Deuxième film, deuxième chef-d’œuvre 
                  de l’un des plus grands. Difficile de parler de ce film 
                  sans en escamoter toute la magie…et puis vous avez déjà 
                  tout entendu. Tant pis, je me lance : la scéne d’introduction, 
                  inoubliable, inénarrable, met le ton –le film est 
                  signé- nous sommes en présence d’une œuvre 
                  dans le plus beau noir et blanc qui soit, expressionniste comme 
                  le furent des dizaines de film dans les années 30-40, 
                  à commencer par le travail de Kurt Courant pour « 
                  La bête humaine ». Un film rare, unique, étrange, 
                  inestimable et incontestablement beau, dans tous les sens du 
                  terme, par un virtuose, intelligent, de la caméra, lui-même 
                  magnifiquement servi par le montage et, c’est le principal, 
                  le sujet, porté par un scénario exemplaire. Un 
                  film noir, dramatique au point d’en être parfois 
                  insoutenable, vécut de l’intérieur par un 
                  monstre de foire auquel on finira par s'identifier. Parce que 
                  Lynch ne fait pas que montrer de beaux plans, ambigus, saugrenus 
                  et incongrus, il ne sombre jamais dans la gratuité, dans 
                  la facilité ou la fausse subtilité ; il utilise 
                  intelligemment son savoir faire à des fins certes stylistiques 
                  mais mise au service de l’émotion, atteignant une 
                  pureté et une dignité naturelle rare. Son caractère 
                  s’adapte à tous les propos : l’onirisme, 
                  la perversité, l’amour, l’ignominie et le 
                  tendresse. Elégance, exploitation de la photo et des 
                  décors, des ombres et des lumières, des contrastes, 
                  Lynch impose ses visions aux spectateurs, personnalisant la 
                  moindre parcelle d’écran, la moindre profondeur 
                  de champs, les moindres mouvements de sa caméra, et tous 
                  celà au service de son incroyable personnage principal. 
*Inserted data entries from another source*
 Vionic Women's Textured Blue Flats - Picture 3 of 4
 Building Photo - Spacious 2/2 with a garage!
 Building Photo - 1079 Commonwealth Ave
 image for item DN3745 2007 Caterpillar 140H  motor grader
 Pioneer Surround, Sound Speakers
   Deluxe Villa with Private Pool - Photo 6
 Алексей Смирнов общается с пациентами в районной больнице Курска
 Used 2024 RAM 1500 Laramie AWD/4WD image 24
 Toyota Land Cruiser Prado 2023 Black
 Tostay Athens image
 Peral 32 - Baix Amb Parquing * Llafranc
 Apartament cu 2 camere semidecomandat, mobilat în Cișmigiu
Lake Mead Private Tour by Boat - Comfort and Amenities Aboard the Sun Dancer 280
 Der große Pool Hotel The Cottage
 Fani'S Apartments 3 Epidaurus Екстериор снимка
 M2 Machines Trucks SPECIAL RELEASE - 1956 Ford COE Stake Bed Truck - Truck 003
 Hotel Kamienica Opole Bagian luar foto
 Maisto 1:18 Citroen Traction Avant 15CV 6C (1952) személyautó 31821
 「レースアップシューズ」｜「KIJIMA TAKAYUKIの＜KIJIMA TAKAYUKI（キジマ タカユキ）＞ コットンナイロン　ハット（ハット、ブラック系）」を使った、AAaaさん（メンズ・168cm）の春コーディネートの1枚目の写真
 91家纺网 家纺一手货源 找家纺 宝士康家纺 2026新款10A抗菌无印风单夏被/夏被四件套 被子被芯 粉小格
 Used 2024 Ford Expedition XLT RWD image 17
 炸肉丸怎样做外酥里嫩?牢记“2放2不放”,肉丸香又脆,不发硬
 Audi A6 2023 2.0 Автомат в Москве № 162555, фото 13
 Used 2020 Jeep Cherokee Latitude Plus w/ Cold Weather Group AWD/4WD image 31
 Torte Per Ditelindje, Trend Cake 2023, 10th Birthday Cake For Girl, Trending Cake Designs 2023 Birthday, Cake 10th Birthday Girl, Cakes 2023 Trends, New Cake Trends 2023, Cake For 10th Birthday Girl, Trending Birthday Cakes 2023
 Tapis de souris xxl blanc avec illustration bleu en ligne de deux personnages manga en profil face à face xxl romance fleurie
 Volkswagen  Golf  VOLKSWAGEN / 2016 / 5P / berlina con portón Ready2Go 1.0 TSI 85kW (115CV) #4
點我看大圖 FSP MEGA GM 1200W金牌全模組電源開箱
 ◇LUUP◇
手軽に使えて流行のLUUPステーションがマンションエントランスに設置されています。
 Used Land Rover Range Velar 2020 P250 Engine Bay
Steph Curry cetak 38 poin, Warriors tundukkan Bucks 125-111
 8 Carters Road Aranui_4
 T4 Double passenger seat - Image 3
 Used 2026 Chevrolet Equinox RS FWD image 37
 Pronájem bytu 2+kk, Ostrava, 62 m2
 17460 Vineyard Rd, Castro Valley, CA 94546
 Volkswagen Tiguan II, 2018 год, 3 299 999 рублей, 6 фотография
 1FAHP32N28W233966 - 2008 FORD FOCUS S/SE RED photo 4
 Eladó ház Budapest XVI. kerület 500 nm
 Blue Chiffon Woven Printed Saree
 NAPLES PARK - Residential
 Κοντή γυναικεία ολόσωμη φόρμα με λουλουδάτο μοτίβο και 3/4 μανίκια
                  Bien aidé par son scénario, toute l’atmosphère 
                  victorienne à l’époque de Jack, et la mise 
                  en valeur de cet être meutri dans sa chair et dans son 
                  âme auquel est adjoint un message fabuleux de respect 
                  et, surtout, de tolérance. Anti-raciste (l’œuvre 
                  complète de Lynch ne l’est-elle pas ?), plein d’amour 
                  mais jamais naïf ou simplet, le scénario fait aimer 
                  ce monstre et détester les humains (pas tous) qui l’entourent 
                  et l’exploitent. Et puis il y a cette scène incroyable 
                  parmi tant d’autres : celle où l’on fait 
                  payer des badauds pour voir l’homme-éléphant, 
                  où des putains vont jouir d’une expérience 
                  unique, où on le saoule et le fait danser sans pudeur 
                  aucune ni peur puisqu’il ne peut rien faire d’autre 
                  qu’assister à ses moqueries… Comment ne pas 
                  serrer les poings devant une telle violence psychologique qui 
                  vaut bien toutes les scénes gores du cinéma. Enfin, 
                  n’importe quel acteur peut s’agenouiller devant 
                  la performance de Hurt… qui en fera d’ailleurs les 
                  frais. Un classique parmi les chef-d’œuvres incontestables. 
                  Un film qui ne nous tire pas les larmes des yeux… ce sont 
                  les yeux qui pleurent tout seuls.